Moscow Young People's Theater

Moscow Young People’s Theater

 

a theater founded in 1927 from a traveling theater company. In 1941 it merged with the State Central Young People’s Theater, which was founded in 1920. The theater’s repertoire consists chiefly of works by Soviet playwrights.

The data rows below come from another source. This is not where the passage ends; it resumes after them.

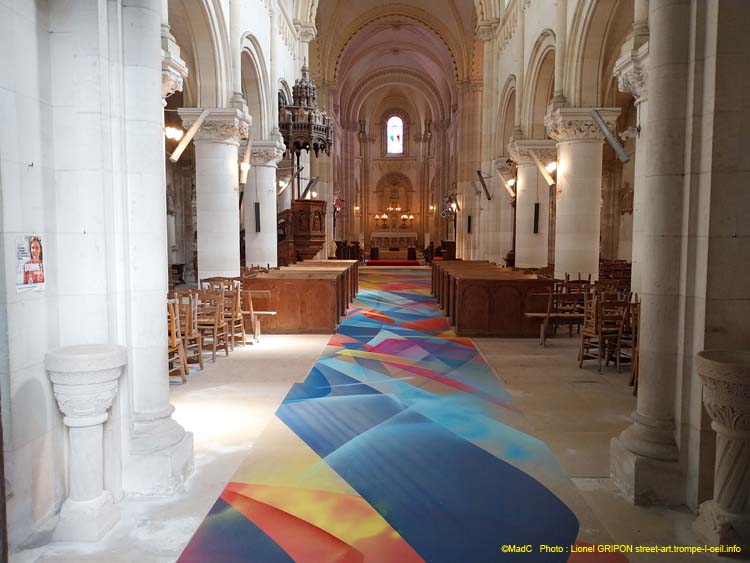 Chemin coloré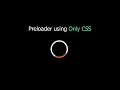 Preloader Pageloader using html css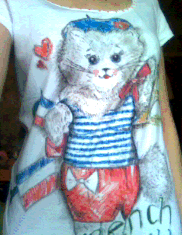 French kitty tshirt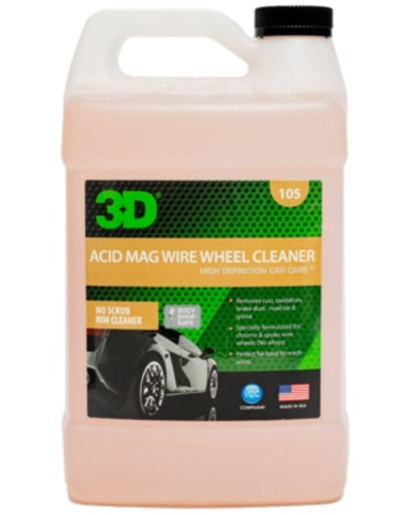 3D Очиститель для хромированных колес и труднодоступных мест (концентрат) Acid Mag Wire 3,78л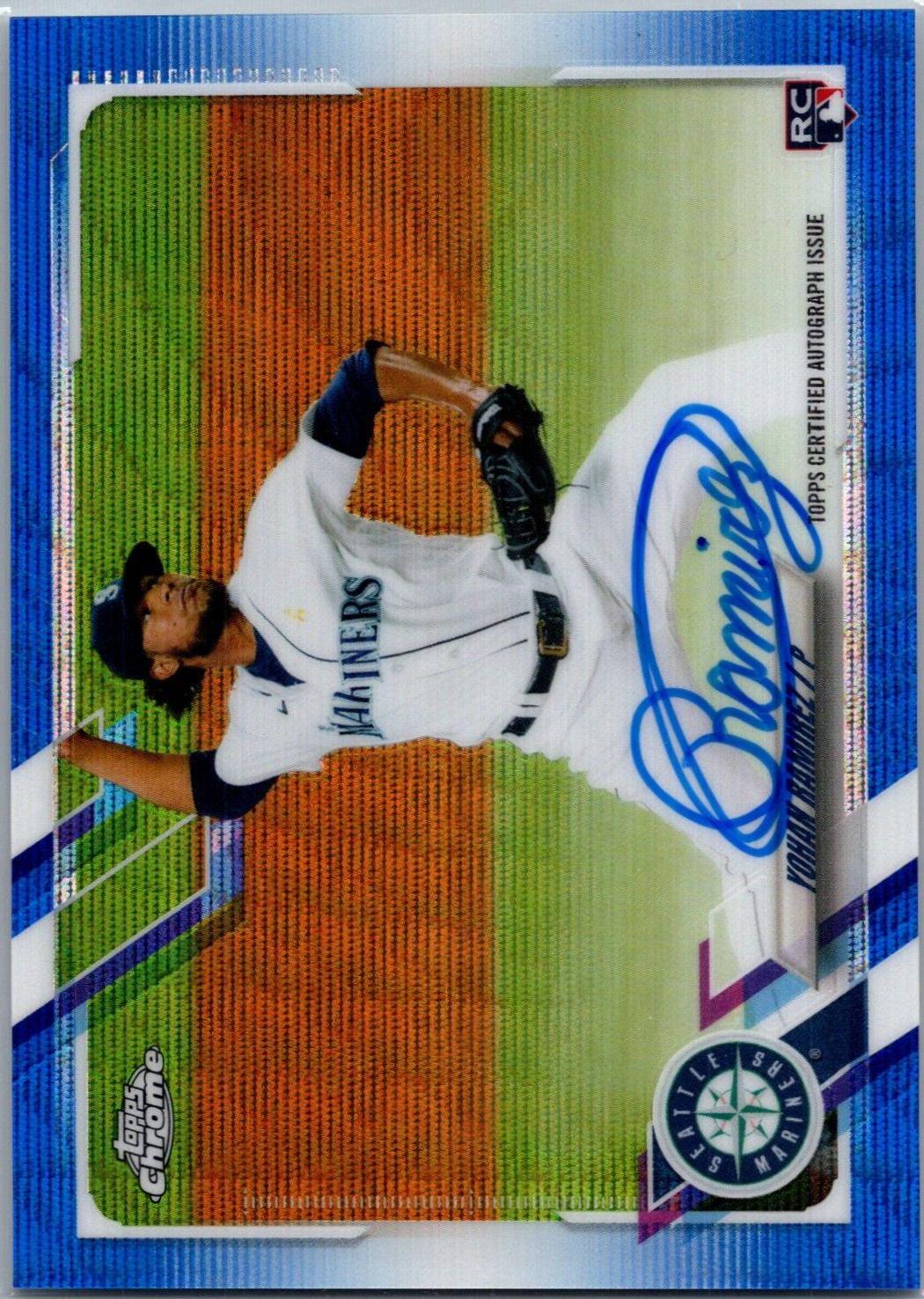 Yohan Ramirez [Blue Wave Refractor] #RA-YR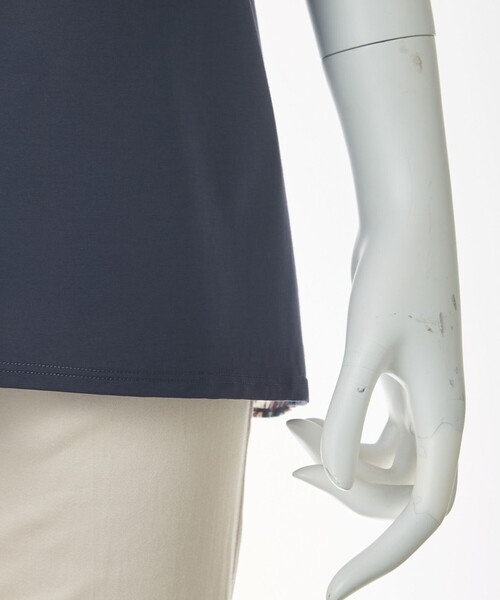 J.PRESS Ladies(J.プレス レディス)の「【消臭機能付き】プレーティングジャージー 異素材コンビ カットソー(Tシャツ/カットソー・レディース・ブラウン系/ネイビー系・SMALL)」の22枚目の写真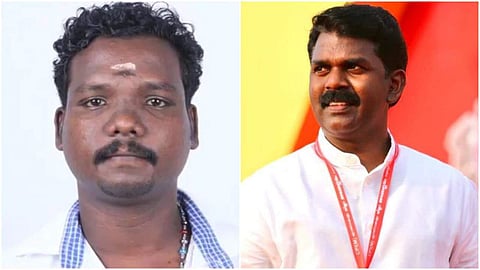 മരിച്ച ദീപു, പി വി ശ്രീനിജൻ എംഎൽഎ / ഫയൽ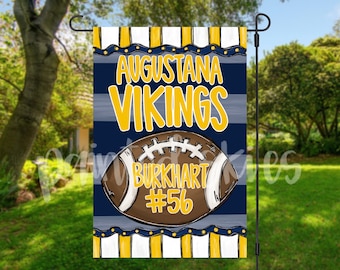Custom Team Football Garden Flag | fall Yard Decor | Flag | personalized Yard Art | Outdoor Decor | whimsical | let’s go team | game day
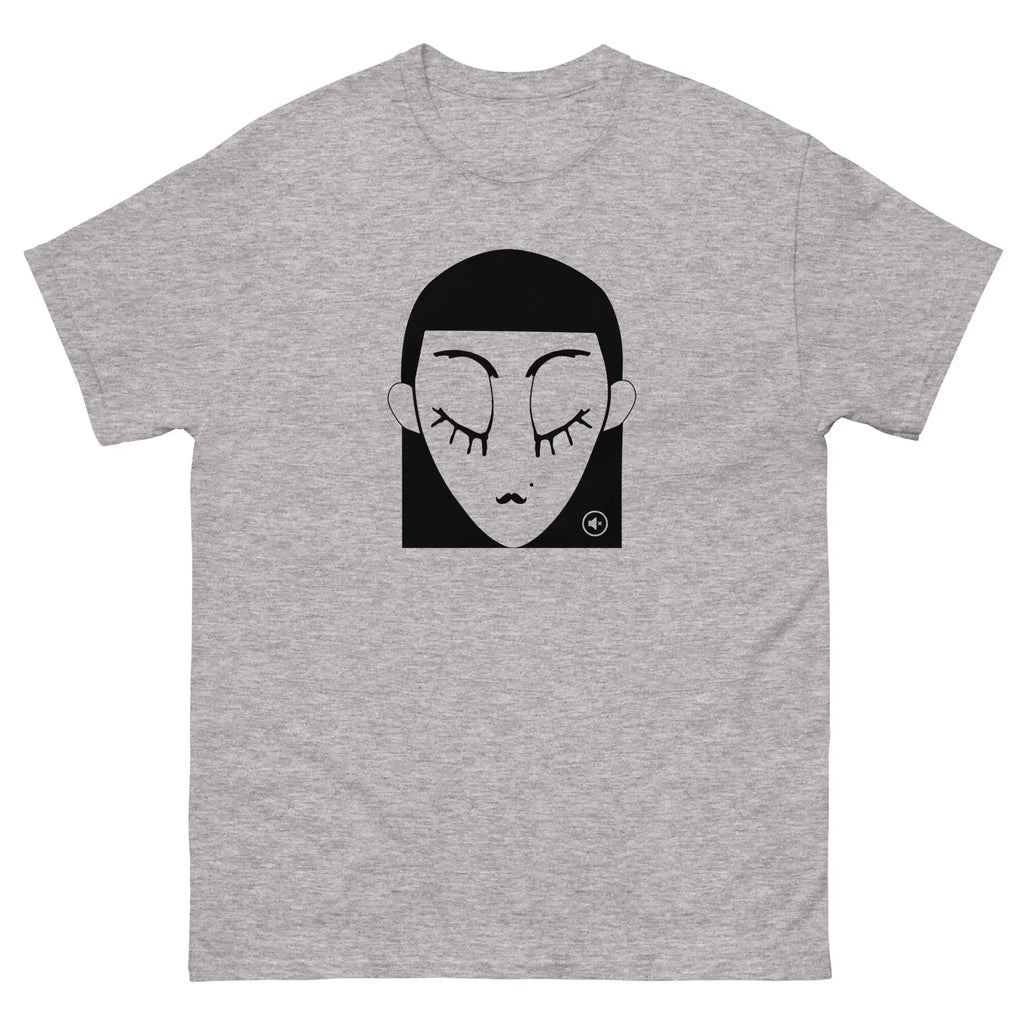 "Unisex graphic t-shirt Plain Black – minimalist streetwear Mute Mode"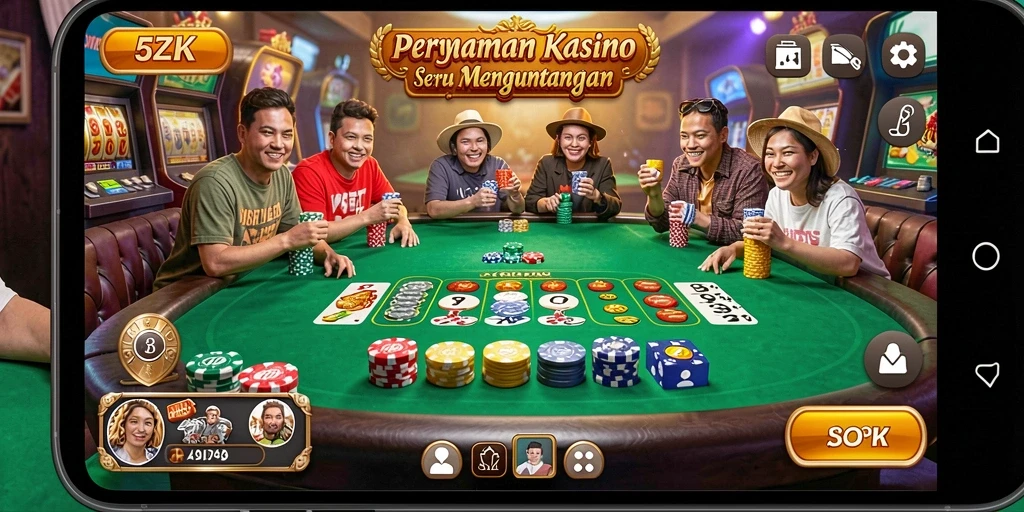Tampilan menarik dari gameplay Kasino di 5ZK.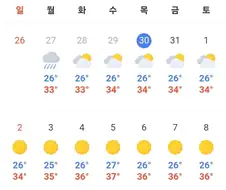 다음주 서울 날씨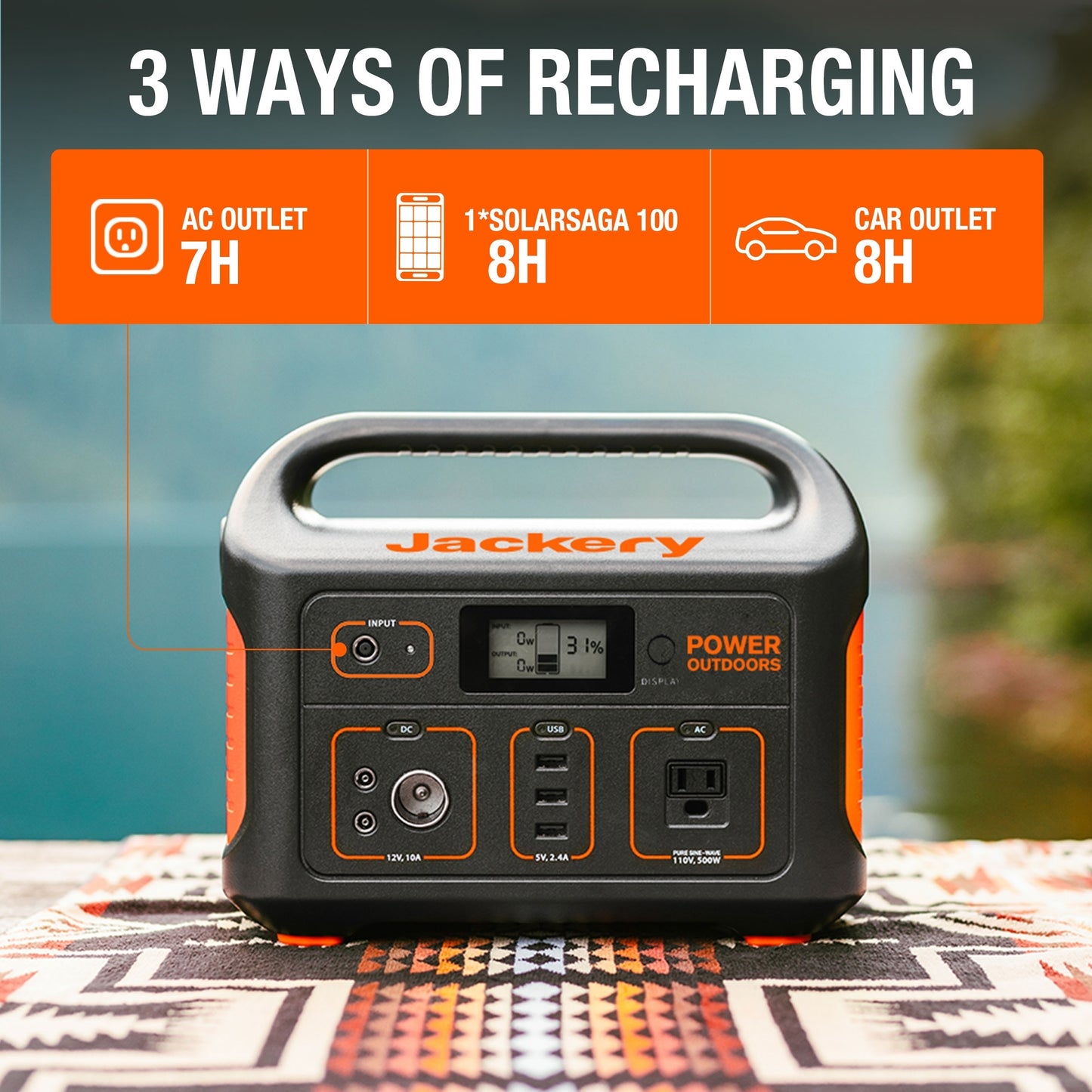 Jackery Explorer 550 Portable Power Station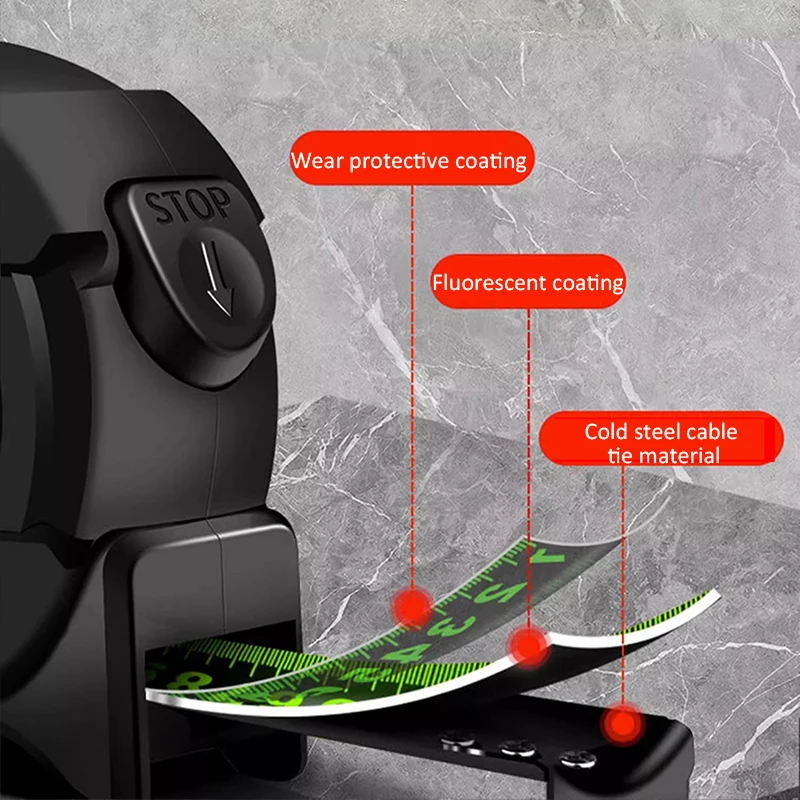 3/5/7.5/10M Self Locking Fluorescent Steel Tape Measure High Precision Metric Measuring Tape Wear-resistant Widened Meter Ruler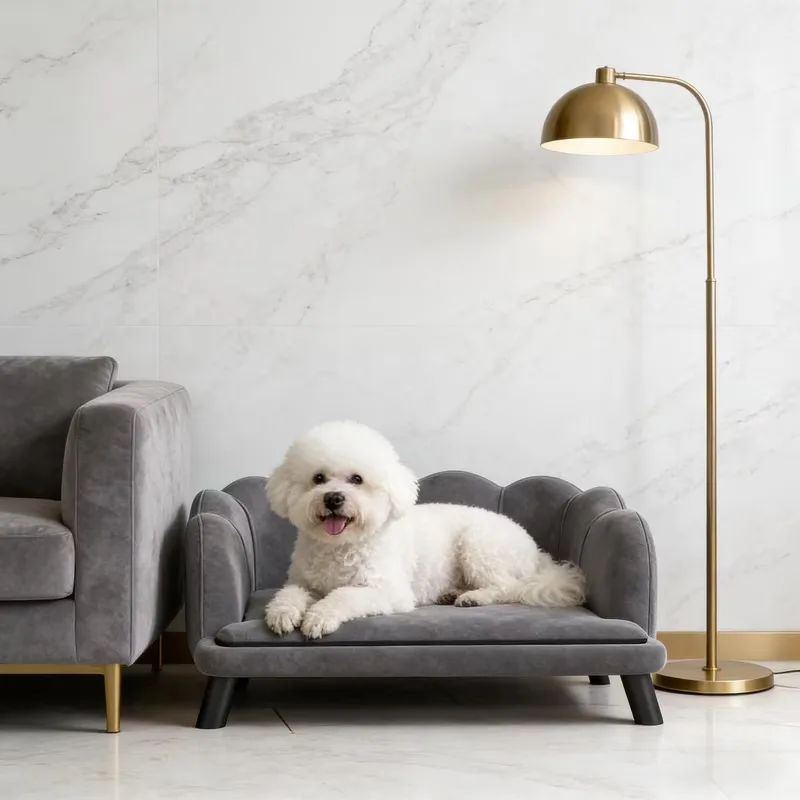 Dog Bed grey gray 21.75"
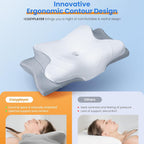 Amazon butterfly-shaped pillow for neck support, deep sleep, pressure relief, side sleeping, slow rebound memory foam pillow for cervical spine.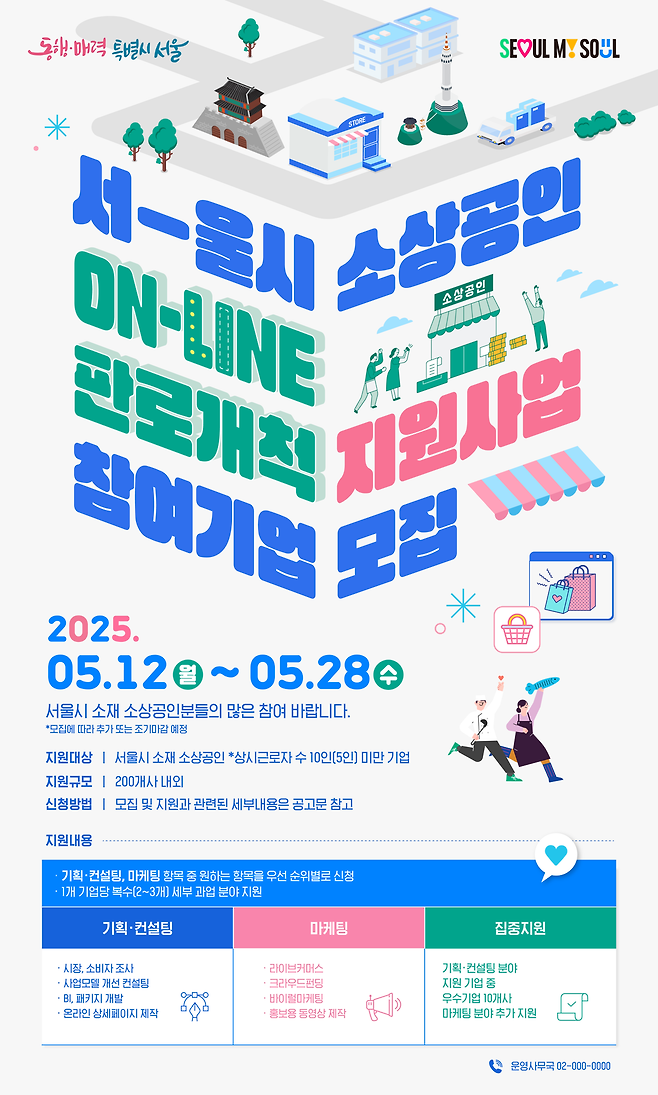 2025년 소상공인 온라인 판로개척 지원사업 포스터. 서울시 제공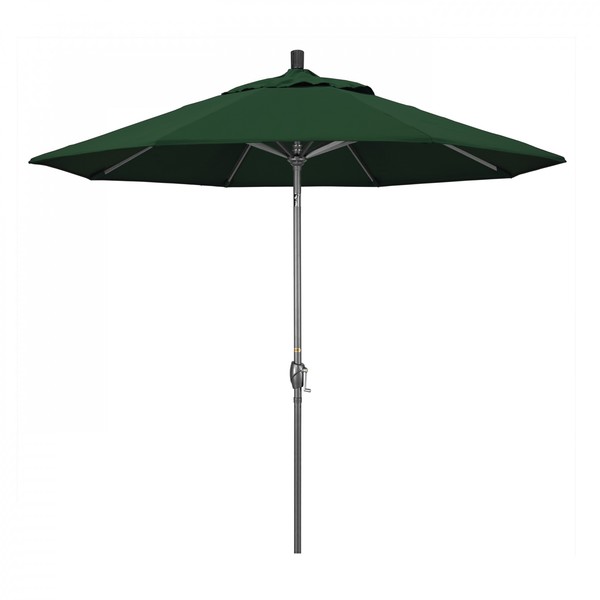 March Patio Umbrella, Octagon, 101" H, Pacifica Fabric, Hunter Green 194061032763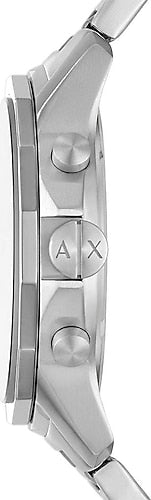 Armani Exchange Banks Chronograph Black Dial Silver Steel Strap Watch For Men - AX1720 Buy Now By Armani Exchange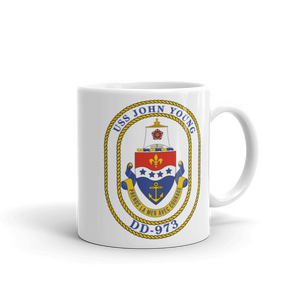 USS John Young (DD-973) Ship's Crest Mug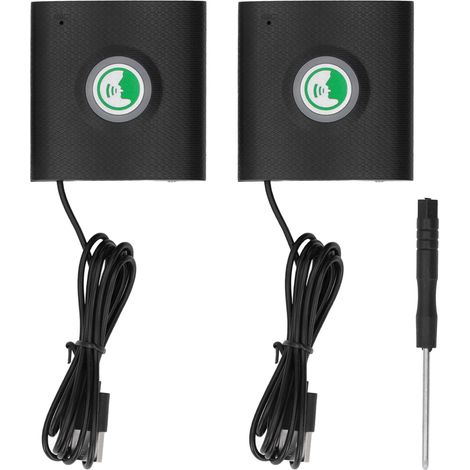 Interphone sans fil bidirectionnel longue distance, sonnette intelligente noire pour maison et bureau, talkie clair et puissant, sécurité renforcée.
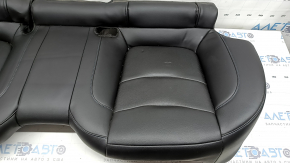 Pernă banchetă spate Chevrolet Volt 16-18, piele neagră cu cusături albastre, perforată, lovituri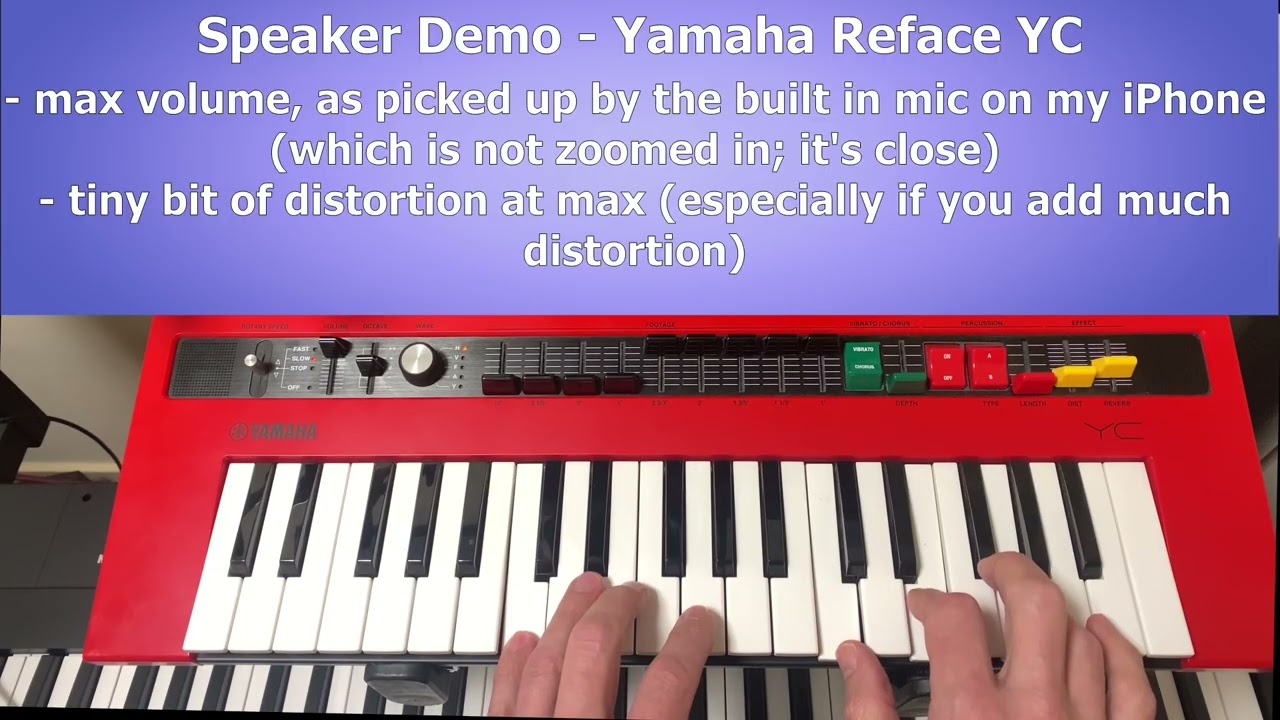 Yamaha Reface YC Review - Arranger AND Stage Piano - Piano Tone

Among the theater’s productions have been The Wandering School (1935) and Brother of the Hero (1939), both based on works by Kassil’, Simukov’s My Native Land (1944), Aliger’s Tale of Truth (1946), Marshak’s Twelve Months (1947), Shvarts’s Little Red Riding Hood (1948) and Two Maples (1954), Geraskina’s The School-leaving Certificate (1949), Mikhalkov’s The Boastful Bunny (1951) and Dear Boy (1972), Shatrov’s In the Name of the Revolution (1957), Korostylev’s The Warsaw Alarm (1966), Aleksin’s My Brother Plays the Clarinet (1968), Kapler’s The Stormy Year (1970), and Lordkipanidze’s Me, Grandmother, Iliko, and Illarion (1973).

Noteworthy contributors to the success of the Moscow Young People’s Theater have been the stage directors G. I. Shagaev (manager of the theater 1928–40), P. V. Tsetnerovich, B. G. Golubovskii, and P. I. Khomskii, and the actors N. A. Derevitskii, M. P. Kolesnikov, L. V. Nevskaia, and Iu. B. Iul’skaia.

In 1974 the theater company included People’s Artist of the USSR L. N. Kniazeva, People’s Artists of the RSFSR V. K. Gorelov and V. V. Zubarev, and Honored Artists of the RSFSR G. L. Annapol’skii, L. M. Akhedzhakova, E. N. Vasil’ev, P. A. Gavrilov, V. I. Garin, and I. E. Real’. The theater’s chief set designer is Honored Art Worker of the RSFSR V. L. Ialalai. In 1970, Young People’s Theater was awarded the Order of the Red Banner of Labor.